1. A method for increasing the photovoltaic output of solar cells by cryogenic treatment comprising the steps of:

a. providing a quantity of solar cells,
b. measuring the mass of said solar cells,
c. providing a cryogenic processor including a liquid or gaseous or gaseous nitrogen circulating system,
d. placing said solar cells within the cryogenic processor,
e. introducing liquid or gaseous nitrogen into the cryogenic processor’s liquid or gaseous nitrogen circulating system,
f. lowering the temperature within the cryogenic processor which lowers the temperature of the solar cells to approximately −300° F. for a predetermined time,
g. holding the temperature of the solar cells at −300° F. for a predetermined time,
h. raising the temperature of the solar cells, over a predetermined time to ambient temperature,

2. The method of claim 1 wherein step (f) includes lowering the temperature of said solar cells over one or more steps, said steps being dependent upon the material that composes said solar cells.

3. The method of claim 1 wherein step (g) includes holding the solar cells at −300° F. for a predetermined time depending of the material that composes said solar cells.
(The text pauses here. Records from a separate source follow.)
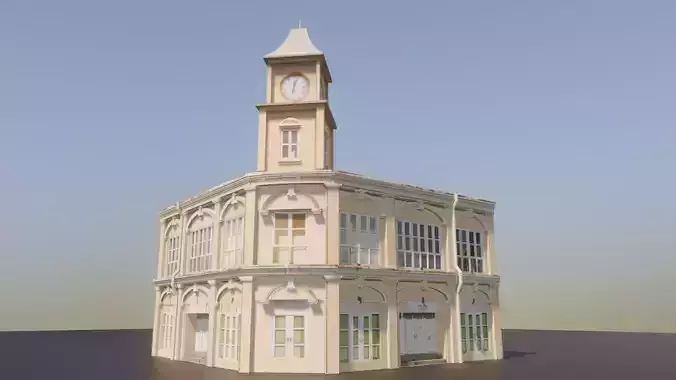 Phuket-Oldtown-1 building with clock tower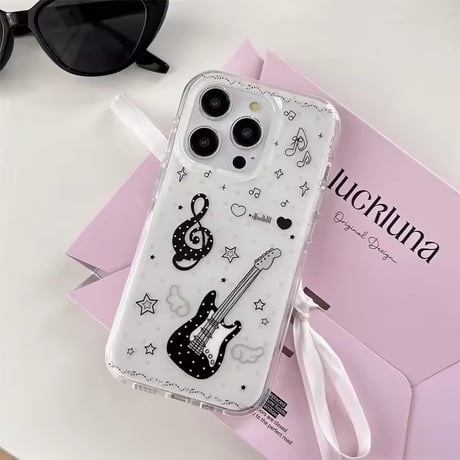 S74975 ギターストラップ付きロックミュージック iPhoneケース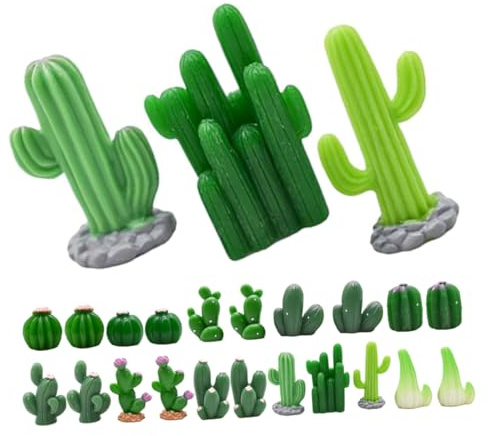 24 Pezzi Mini Statue di Cactus in Resina, 12 Stili, Decorazioni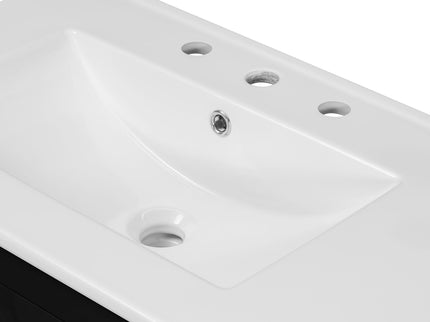 Bathroom Vanity With Ceramic Sink Combo, Abundant Storage Cabinet 2 Soft Close Doors And 5 Drawers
4. The method of claim 1 wherein step (h) includes gradually raising the temperature of said quantity of solar cells in one or more steps said steps being dependent upon the material that composes said solar cells.
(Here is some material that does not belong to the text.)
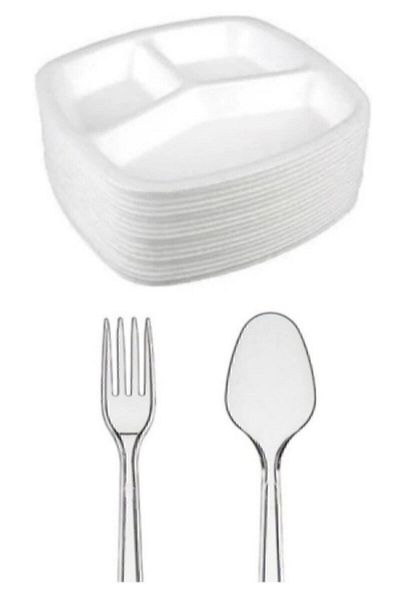 TUSEMİX Tusemix 150 Pcs Foam Tabildot, 150 Plastic Prongs, 150 Plastic Spoon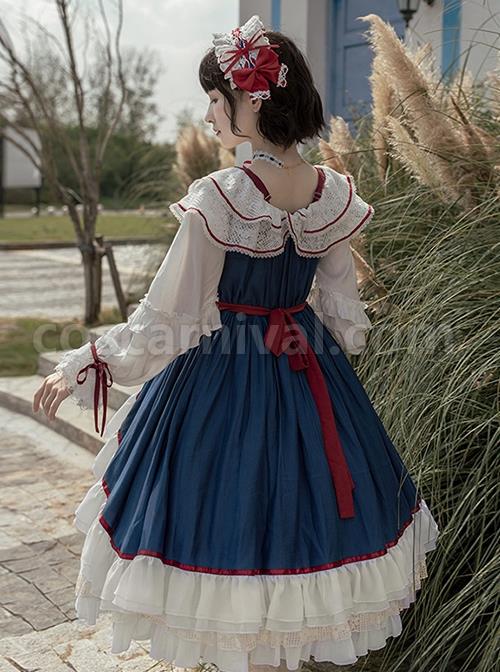 Bai-Xueji-Series-Double-Layer-Lace-Round-Neck-Red-Lacing-Hollow-Lace-Drawstring-Hem-Classic-Lolita-Long-Sleeved-Dress-coscarnival-1854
5. A method for treating solar panel components comprising the steps of:

a. providing a quantity of solar panel components,
b. measuring the mass of said solar panel components,
c. providing a cryogenic processor including a liquid or gaseous nitrogen circulating system,
d. placing said solar panel components within the cryogenic processor,
e. introducing liquid or gaseous nitrogen into the cryogenic processor’s liquid or gaseous nitrogen circulating system,
f. lowering the temperature within the cryogenic processor which lowers the temperature of the solar panel components to approximately −300° F. for a predetermined time,
g. holding the temperature of the solar panel components at −300° F. for a predetermined time,
h. raising the temperature of the solar panel components, over a predetermined time to ambient temperature,

6. The method of claim 1 wherein step (f) includes lowering the temperature of said solar panel components over one or more steps, said steps being dependent upon the material that composes said solar panel components.

7. The method of claim 1 wherein step (g) includes holding the solar panel components at −300° F. for a predetermined time depending of the material that composes said solar panel components.
8. The method of claim 1 wherein step (h) includes gradually raising the temperature of said solar panel components in one or more steps said steps being dependent upon the material that composes said solar panel components.